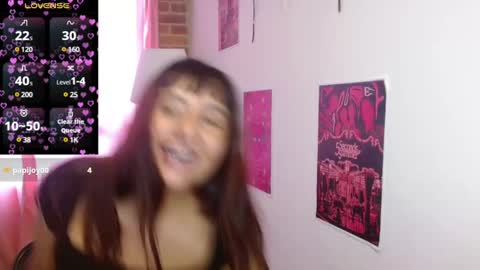 Snapshot of emitaa17228 chatting on 02-21-25, 10:26 emma online show from 02-21-25, 10:26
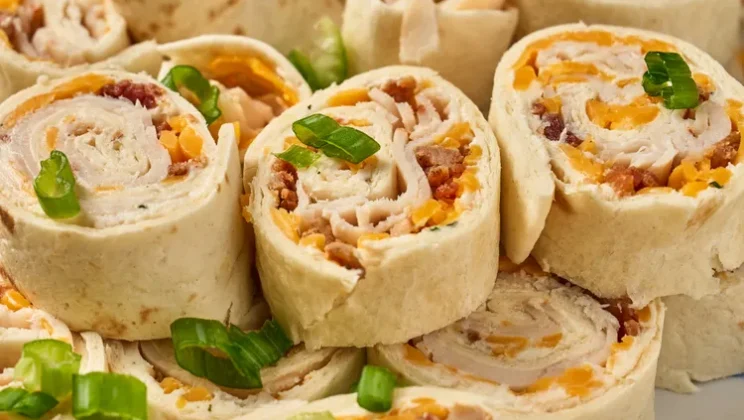 Turkey Bacon Ranch Tortilla Pinwheels Recipe — Quick and Easy Homemade Snack
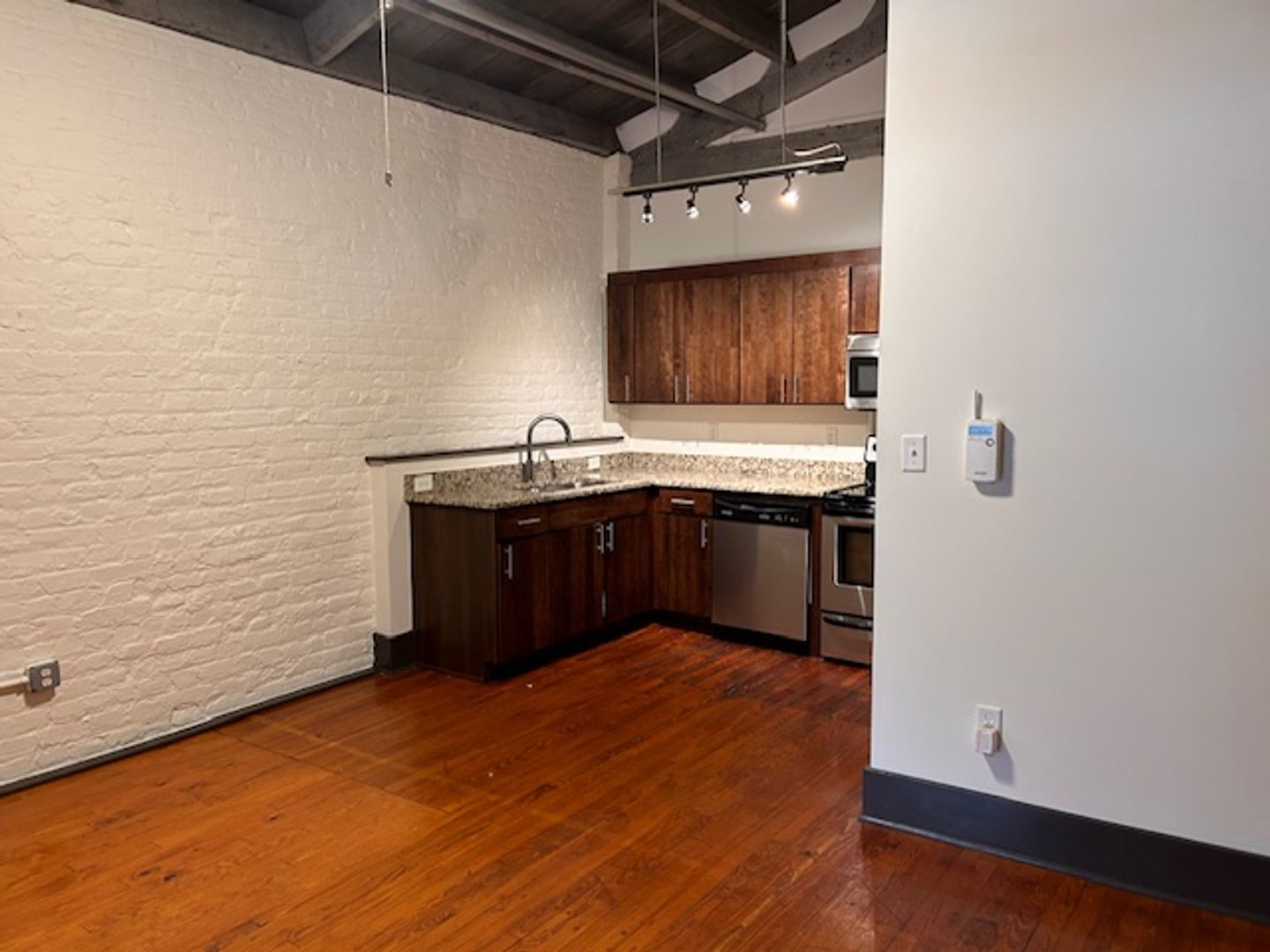 Richmond Apartment: 5 West Marshall Street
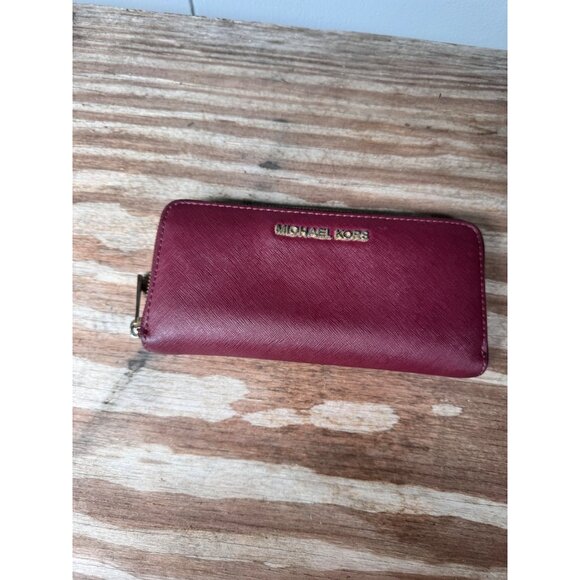 Michael Kors Burgundy Saffiano Leather Zip-Around Wallet With Gold Hardware & Mu - Picture 1 of 7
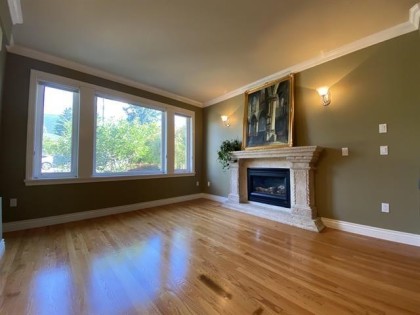 Photo 2 at 467 W Kings Road, Upper Lonsdale, North Vancouver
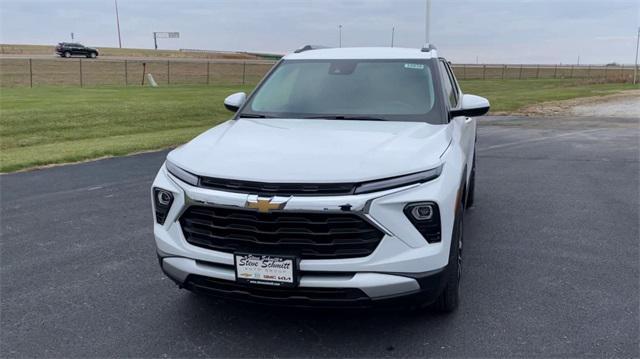 new 2025 Chevrolet TrailBlazer car, priced at $26,710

====

**Your objective**
Please extract exactly the lines of the data, from the first through the line containing "Photo 2 at 467", and add no pictures to the copy.

**Exercise solution**
 Snapshot of emitaa17228 chatting on 02-21-25, 10:26 emma online show from 02-21-25, 10:26
 Turkey Bacon Ranch Tortilla Pinwheels Recipe — Quick and Easy Homemade Snack
 Richmond Apartment: 5 West Marshall Street
 Michael Kors Burgundy Saffiano Leather Zip-Around Wallet With Gold Hardware & Mu - Picture 1 of 7
 Photo 2 at 467 W Kings Road, Upper Lonsdale, North Vancouver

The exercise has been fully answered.